微分・積分をコンピュータにやらせるとなるとコンピュータの得意とする逐次反復を利用することになります。今では数式処理を簡単に行う処理系も発表されているようですが、FORTRANやCやBASICでプログラムする場合には今述べたようなことになるわけです。
簡単な例では 1から12345 までの和を求めよ なんて問題は人間ならば N*(N+1)/2 の法則(適切な言葉かどうかは気にしない)を使用して簡単に求めます。でもコンピュータではそんな小難しい法則を云々せずひたすら単純に加算していくようにプログラムすればいいわけです。何しろコンピュータは瞬間風速で解答してくれます。馬鹿なところをスピードで人に対抗しているわけです。
さて、前置きが長くなりました。今読んでいる本に「解ければ天才。算数100の難問・奇問(たかが算数, されど算数)」(講談社, BLUE BACKSシリーズ, 中村義作著)があります。最近は数学オリンピックの問題集もいくつかの出版社から出されています。

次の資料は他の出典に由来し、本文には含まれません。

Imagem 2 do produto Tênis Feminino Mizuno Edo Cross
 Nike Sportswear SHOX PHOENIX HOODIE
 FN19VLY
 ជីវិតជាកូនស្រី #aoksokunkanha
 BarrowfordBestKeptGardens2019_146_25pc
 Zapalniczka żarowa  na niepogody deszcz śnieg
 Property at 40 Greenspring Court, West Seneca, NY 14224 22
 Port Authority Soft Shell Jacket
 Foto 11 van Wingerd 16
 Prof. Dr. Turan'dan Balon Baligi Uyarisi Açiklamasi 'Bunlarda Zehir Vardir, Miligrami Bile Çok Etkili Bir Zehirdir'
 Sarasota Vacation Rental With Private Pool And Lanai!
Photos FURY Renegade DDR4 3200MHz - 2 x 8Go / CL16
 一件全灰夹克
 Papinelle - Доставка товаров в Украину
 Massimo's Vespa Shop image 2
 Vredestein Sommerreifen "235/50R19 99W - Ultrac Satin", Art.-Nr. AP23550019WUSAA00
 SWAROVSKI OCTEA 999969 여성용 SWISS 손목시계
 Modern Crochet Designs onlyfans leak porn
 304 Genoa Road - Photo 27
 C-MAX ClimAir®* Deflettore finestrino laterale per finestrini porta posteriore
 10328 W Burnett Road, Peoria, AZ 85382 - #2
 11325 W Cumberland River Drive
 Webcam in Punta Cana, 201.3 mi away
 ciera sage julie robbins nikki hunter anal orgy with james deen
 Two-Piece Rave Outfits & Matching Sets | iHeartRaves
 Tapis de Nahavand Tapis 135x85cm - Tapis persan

この本の書名にちょっと注目してください。「数学」ではなく「算数」とあります。私たちが義務教育で習った「算数」なる教科書は小学校まででした。中学に進学すると「数学」と名前が変わりました。これは今でもそうだと思います(なにしろ小学校を卒業したのはもう?十年前です)。そういえばこの正月に帰省した時です。年老いた母親が、私の小学校時代の通信簿(通知簿とも言いますね)が箪笥の奥からでてきたので記念に持って帰りなさい、と古びたあの当時の私の馬鹿な成績の証明を渡してくれました。算数の成績がどれほどだったかは秘密にしておきます。話しが横道にそれました。つまりこの本の問題は小学校で習う知識だけで解ける問題が詰まっているというのです。実際100門の内90門程度は有名私立中学の入試問題から集められています。
それらの問題に大の大人が挑戦してみてくださいというのがこの本の趣旨です。ざっとみた限りこんなの本当に小学生が解くのというようなものばかりです。長々した前置きとこの本との話題のつながりはつまりこういうことです。本の中の問題は妙手を見つければいとも簡単に解けるものです。でもその妙手が見つからない時は候補となる解答をしらみつぶしに試してみるしかありません。大の大人でも簡単に妙手が見つかるのではこんな本は出版されません。では大人が問題を前にして指をくわえて, 横で子供がさっさと解答するのを見ているしかないのでしょうか? そこでコンピュータの登場です。机の上のパソコン(アソコンとも言いますが)をスーパー電卓として使えば妙手が見いだせぬこのぼんくら頭でも, 巷で天才と呼ばれる小学生坊主(お嬢ちゃんもいるからこの言葉不適切)達に対抗できます。言い替えればこれしか勝つ道はありません。
ということでこの連載では2つの目的を達成できたらと思っています。ひとつは素直に問題に挑戦して頂くこと(このネットには現役の中学, 高校生がたくさんおられますから面白いと思うのですが), もう一つはこれらをパソコンで解かせるにはどうプログラミングしていくのかそのアプローチをプログラミングを習い始めた人に示せたらということです。CにしろBASICにしろ入門書の類のプログラム例にはあまり面白いものがありません。今回のような試みではプログラムも小さいでしょうし手ごろではないかと思っています。
長くなりました。実際の問題提示は次回とします。興味ある人はここに紹介しました本を買ってみてください。